4 star hangover ****
- groggy, tired, dehydrated and headachy. You sleep in by at least a half an hour. You can get up, but it’d be best if you didn’t.
- You get odd looks in the street but are too jaked to really notice. By venturing outside of the house you are putting lives and property at risk. Even after showering you still smell of drink. The bulk of your thoughts are fundamentally based on ’something wet’, be it a facecloth, ice-cream, a can of Coke or even the sea – just refreshment from the godawful reality of the hangover.

5 star hangover *****
- Sleeping til late afternoon, you roll around trying to push yourself back into the warm fuzzy buzz of drunkenness; however, you ultimtately fail, because of the brickwall migraine across your temples.
- Then you start getting paranoid and your tummy starts to rumble as you sober up. You vaguely recollect being ‘ill’ the night before. If you’re lucky you might be able to take advantage of that narrow window of opportunity between the evaporation of tipsiness and onset of the hangover to take some aspirin or food. Otherwise you will crash and burn on a park bench somewhere, from which you are unlikely to rise, unless disturbed by rapscallion magpies.

6 star hangover ******
- When you wake up you are confused and drunk, perhaps still half-dressed and in the wrong house. This is the faux-hangover: where you feel ‘great!’ because you drank enough for two days, but you do get double the hangover, which will only kick in at midday.

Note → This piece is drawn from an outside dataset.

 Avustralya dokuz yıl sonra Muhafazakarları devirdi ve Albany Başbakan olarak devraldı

- Obviously you can’t contemplate eating and it’s just as well you can’t leave the house because you still smell of puke from the night before. You have lost something important, and I don’t mean self-respect, because if you have any of that left, you soon vomit it out, a few times. You would choose an hour of buggery over another minute of this.

7 star hangover *******
- Wherever you find yourself, you recognise little of your environment, and in the middle of an angry conversation, and wearing someone else’s shoe, unsurprisingly on the wrong foot. As soon as you wake, you wish you had left your head on the floor, but you can’t, because your immediate impulse is to puke.

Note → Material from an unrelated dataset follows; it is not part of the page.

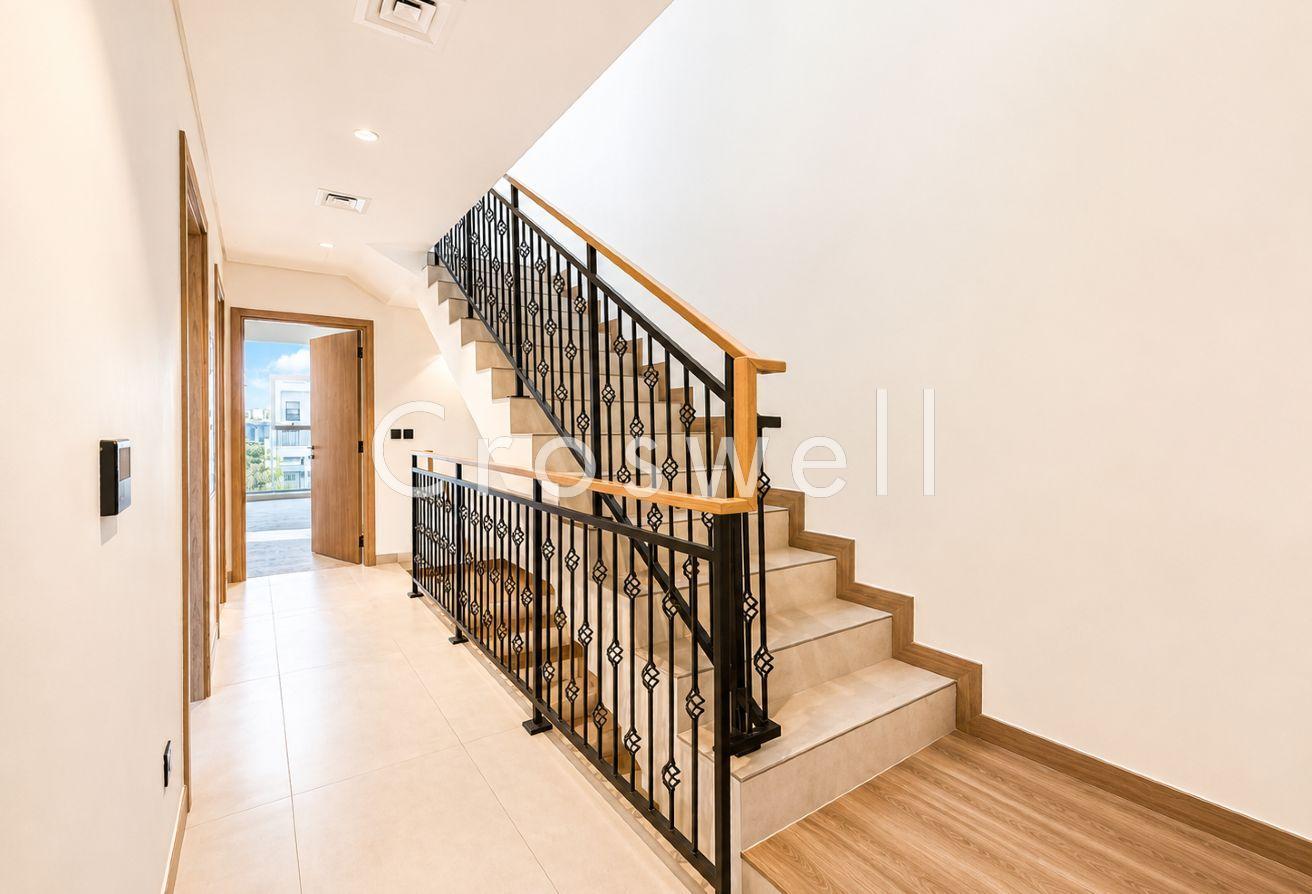 Maids Room | Single Row | Brand new | Balcony photo 9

- It is a vain hope though, because there’s nothing left to eject, and you spend the rest of the day hiccuping and trying to fix your phone and find your wallet. In such a state, you find that the one thing which cured you of all previous hangovers, be it solpadine, port, sausages or pron, fails miserably. Crawling into a suitcase somewhere under the stairs, you emerge after a minimum of twenty-four hours soliltude with the humility of a saint and a thirst that would kill a camel. And you will never drink again, right?